§ Work item: Repeat exactly, and nothing more, the lines from the one that includes "Trestle Base Dining" through the final line of the entries; skip the pictures.
[[ Source data, beginning ]]
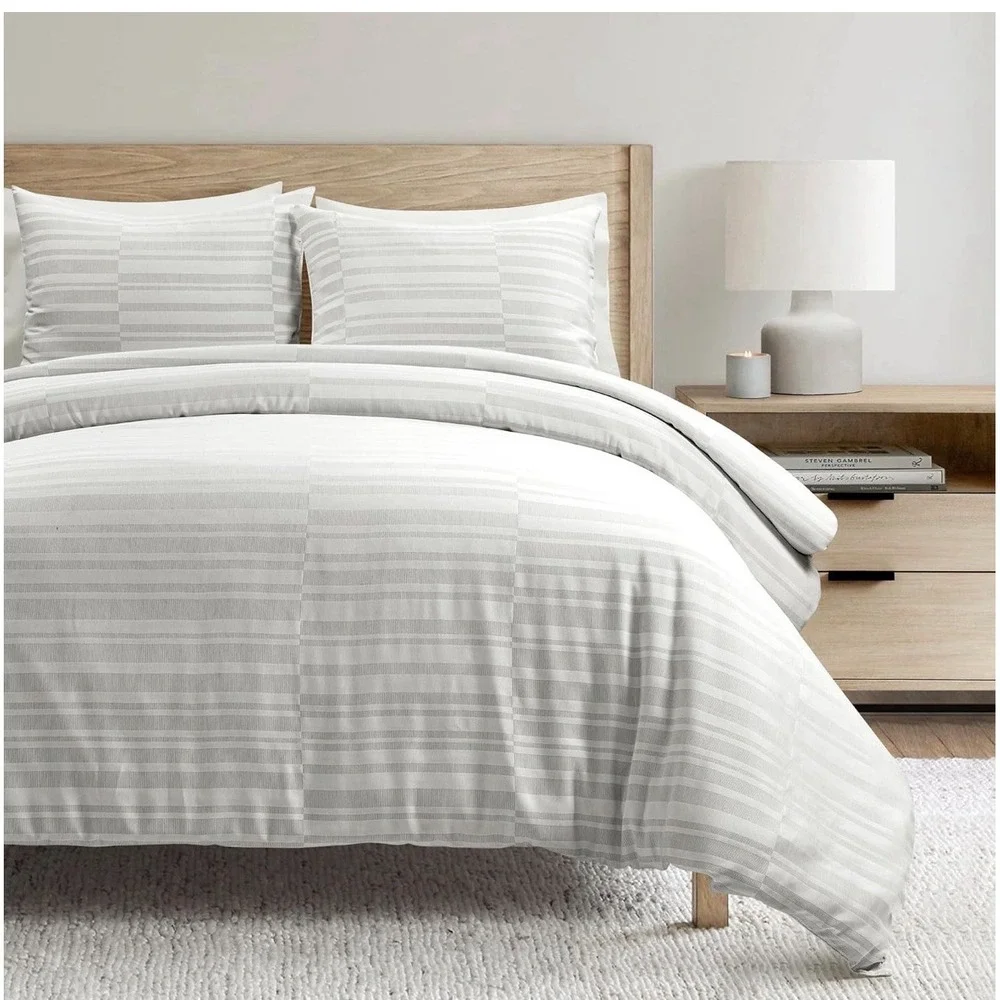 Lush Decor Sawyer Modern Broken Stripe Duvet Cover Set 3 Piece Set Full/queen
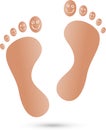 Two feet with smile, Two feet, foot care and podiatry logo Royalty Free Stock Photo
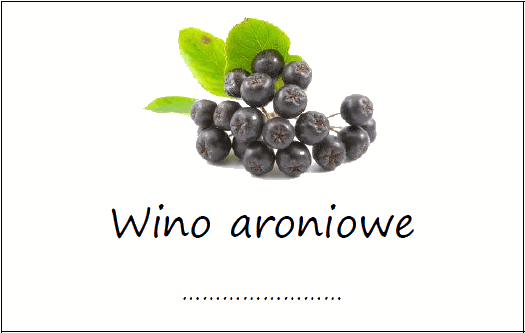 Etykiety na wino aroniowe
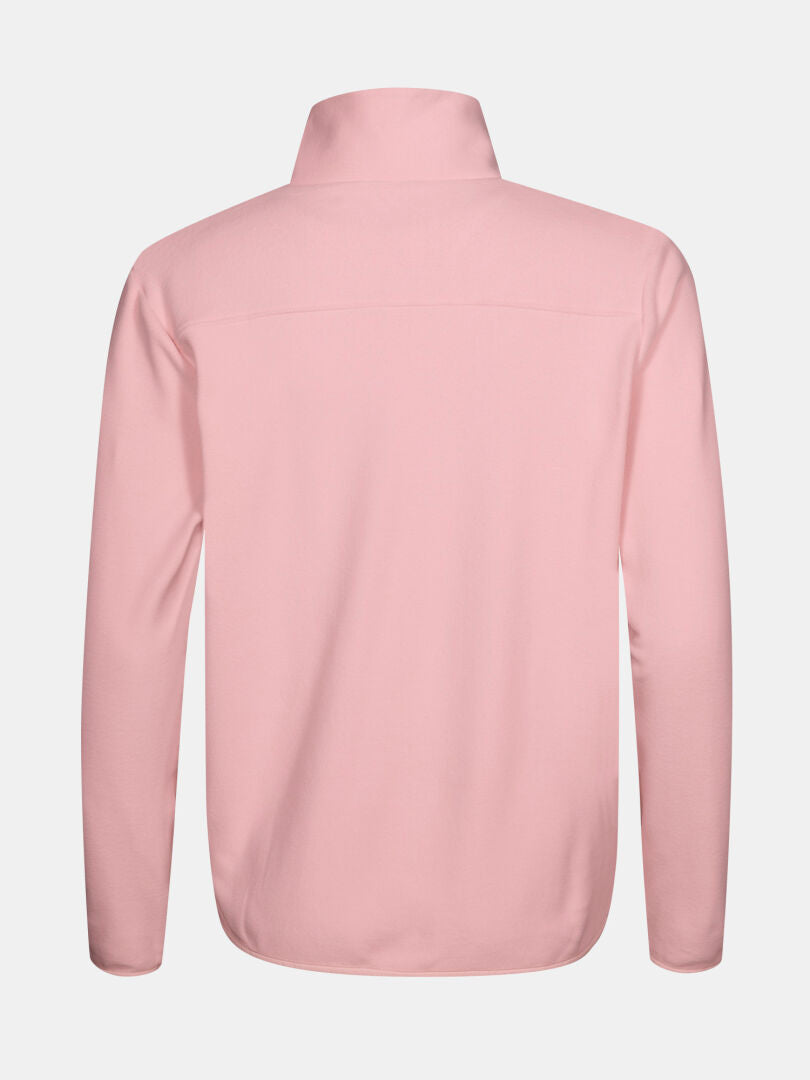 Halti Rockmoon Fleecetakki Naisten takakuva, vaaleanpunainen korkeakauluksinen tekninen fleece, täydellinen ulkoiluvaatteet.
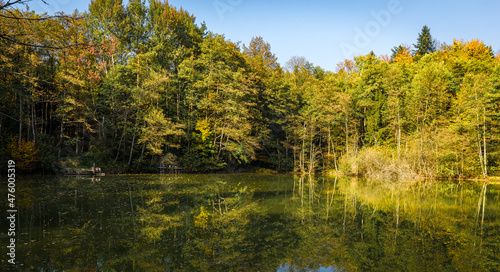 Fototapeta Naklejka Na Ścianę i Meble -  Autumn colors fishing pond, Slovenia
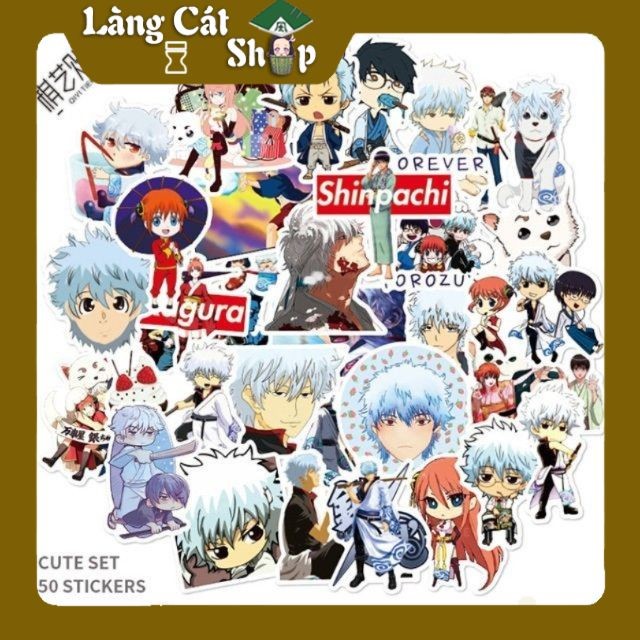 Miếng dán Sticker Anime Manga Gintama (Linh Hồn Bạc) trọn bộ 50 hình - In rõ ràng sắc nét khó tróc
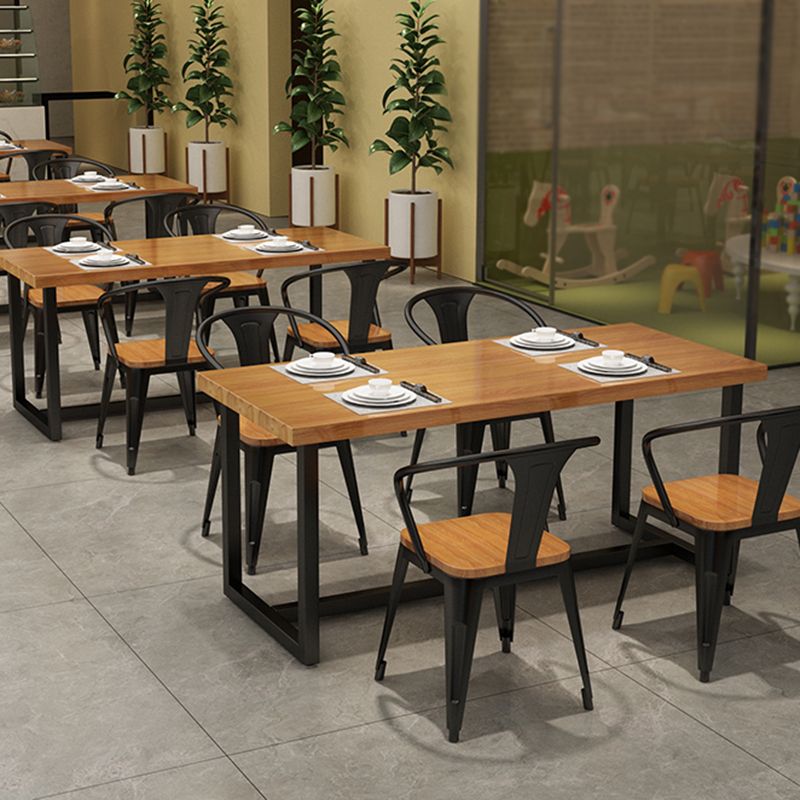 Trestle Base Dining Table Industrial Solid Wood Fixed Kitchen Desk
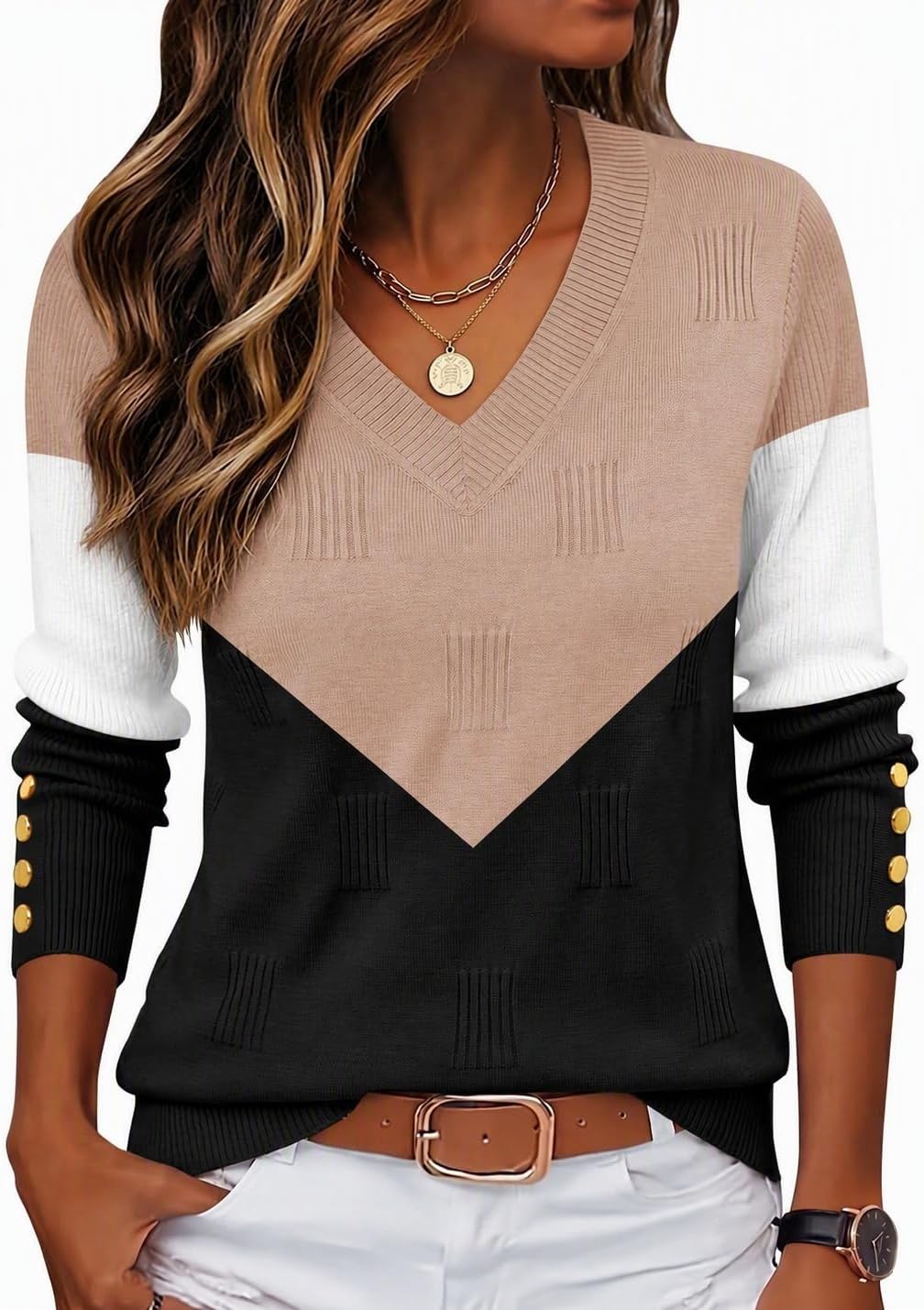 Zeagoo Womens V Neck Sweaters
[[ Source data, end ]]
§ Solution to the exercise:
 Trestle Base Dining Table Industrial Solid Wood Fixed Kitchen Desk
 Zeagoo Womens V Neck Sweaters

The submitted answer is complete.